Так что генерал Даллер, следуя приказам, полученным из Нью-Йорка, сообщил Хабьяримане, что у того имеется утечка в аппарате безопасности, и на сем вопрос был бы закрыт — если бы не геноцид. Неудивительно, что информатор Даллера перестал его информировать; а годы спустя, когда бельгийский сенат учредил комиссию по расследованию обстоятельств, при которых некоторые бельгийские солдаты были в итоге убиты во время исполнения своих обязанностей в МООНПР, Кофи Аннан отказался давать свидетельские показания и не разрешил генералу Даллеру выступать свидетелем. Устав ООН, объяснял Аннан в письме бельгийскому правительству, давал сотрудникам ООН «иммунитет от судебного процесса в отношении их служебных функций», и он считал, что отказ от этого иммунитета «не в интересах Организации (Объединенных Наций)».
* * *
К КОНЦУ МАРТА 1994 Г. ОДЕТТЕ ПРИСНИЛСЯ СОН: «МЫ СПАСАЛИСЬ БЕГСТВОМ, ЛЮДИ СТРЕЛЯЛИ СО ВСЕХ СТОРОН, САМОЛЕТЫ СБРАСЫВАЛИ БОМБЫ, ВСЕ ГОРЕЛО».
Она рассказала об этом сне своему другу Жану, а спустя пару дней Жан позвонил ей и сказал: «Я не нахожу себе места с тех самых пор, как ты рассказала мне свой сон. Я хочу, чтобы ты поехала к моей жене в Найроби, потому что чувствую, что все мы на этой неделе погибнем».

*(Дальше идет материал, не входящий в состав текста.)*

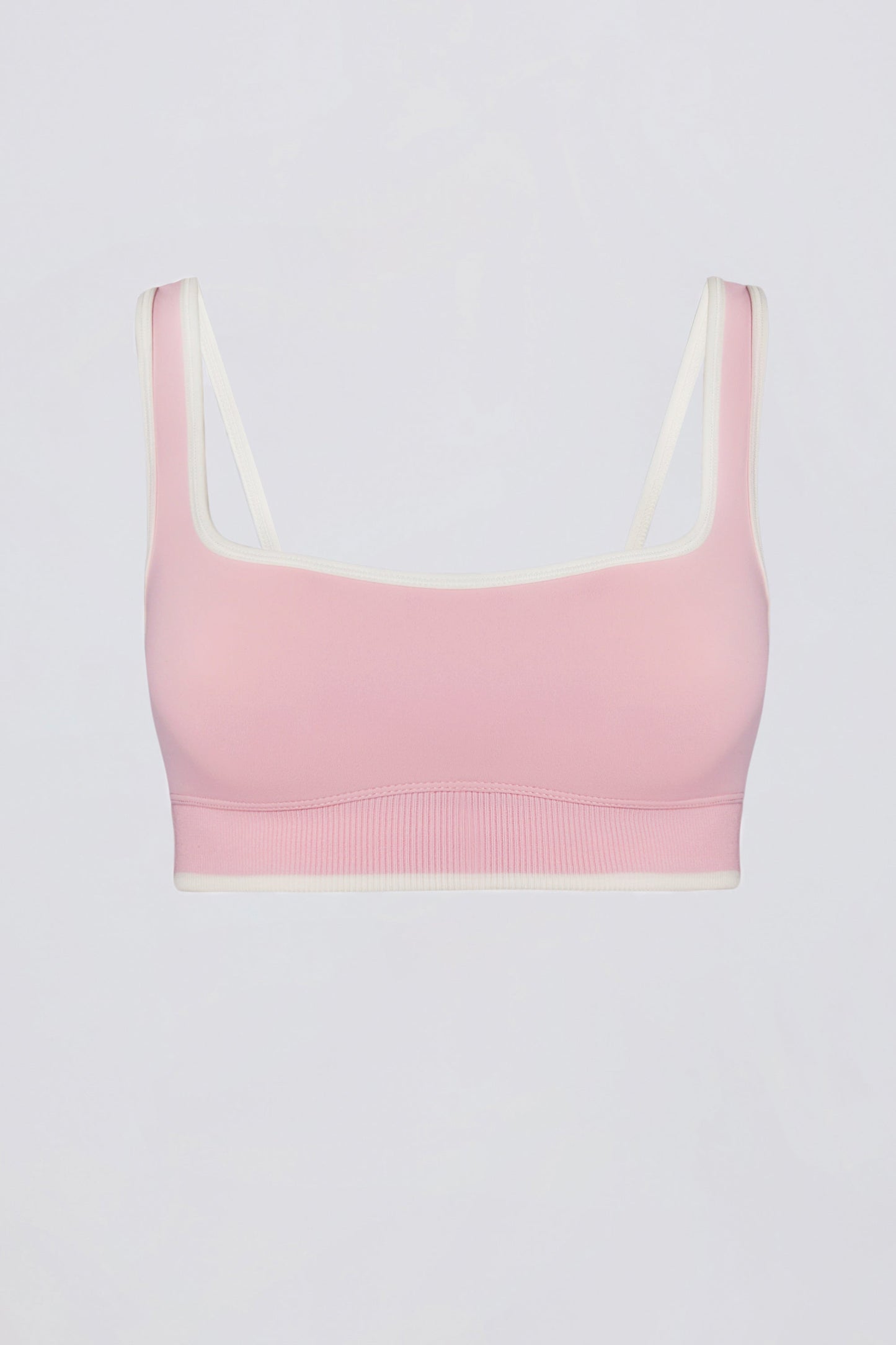 Soft Active Contrast Sports Bra in Powder Pink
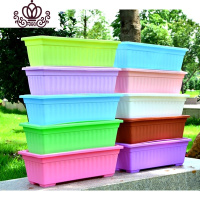 封后长方形塑料种菜盆阳台室内蔬菜种植花盆大号加厚家庭种菜庭院养花 混色5个+托盘 大花盆容器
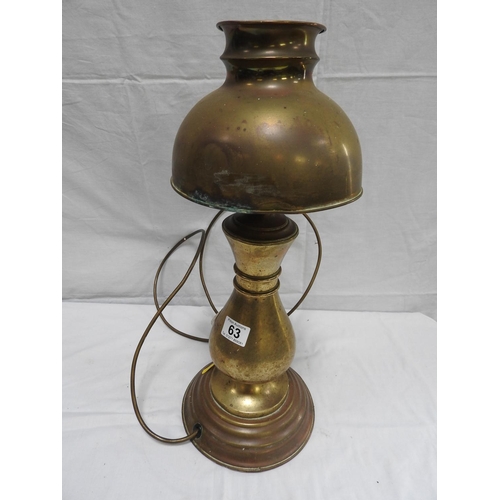 63 - Brass electric lamp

Одетта с радостью восприняла идею убраться из Кигали. Она пообещала Жану, что будет готова выехать 15 апреля, в тот день, когда заканчивался ее контракт с Корпусом Мира. Как ей помнится, она сказала ему: «Я тоже от этого устала».
Похожие разговоры шли по всему Кигали. Почти все руандийцы, с которыми я разговаривал, описывали последние недели марта как время зловещих предчувствий, но никто не мог точно сказать, что именно изменилось. Были обычные убийства оппозиционных лидеров тутси и хуту, обычное разочарование неспособностью Хабьяриманы выполнять мирные договоренности — «политический клинч», который, как предостерегал Генерального секретаря ООН в середине марта бельгийский министр иностранных дел Уилли Клас, «может привести к неукротимой вспышке насилия». Но руандийцы помнят и еще кое-что — первые ростки.
— Мы, вся страна, чувствовали что-то плохое, — рассказывал мне Поль Русесабагина, директор «Отель де Дипломат» в Кигали. — Все понимали, что где-то что-то не так. Но не могли понять, что именно.
Поль был самостоятельно мыслящим хуту, критиком режима Хабьяриманы; он описывал себя как «вечного оппозиционера». В январе 1994 г., после того как на него напали в его собственной машине, Поль на некоторое время перебрался жить в гостиницу, а потом уехал в отпуск в Европу вместе с женой и годовалым сыном. Рассказывая мне, что они вернулись в Кигали 30 марта, он рассмеялся, и лицо его отразило крайнее изумление, словно он сам себе не верил.
— Я должен был вернуться к работе, — пояснил он. — Но чувствовалось, что что-то не так.
Бонавентура Ньибизи говорил мне, что часто задумывается, почему не уехал из Руанды в те дни.
— Пожалуй, главной причиной была моя мать, — рассказывал он. — Она старела, и мне, наверное, казалось, что ей будет трудно сняться с места и ехать в неизвестность. И еще мы надеялись, что положение выправится. Кроме того, чуть ли не с рождения, с тех пор как мне исполнилось 4–5 лет, я видел, как людей убивают. Это случалось каждые несколько лет — в 64, 66, 67, 75‑м. Так что, наверное, я говорил себе: ничего страшного не будет. Ага, как же! Конечно, я понимал, что все будет серьезно.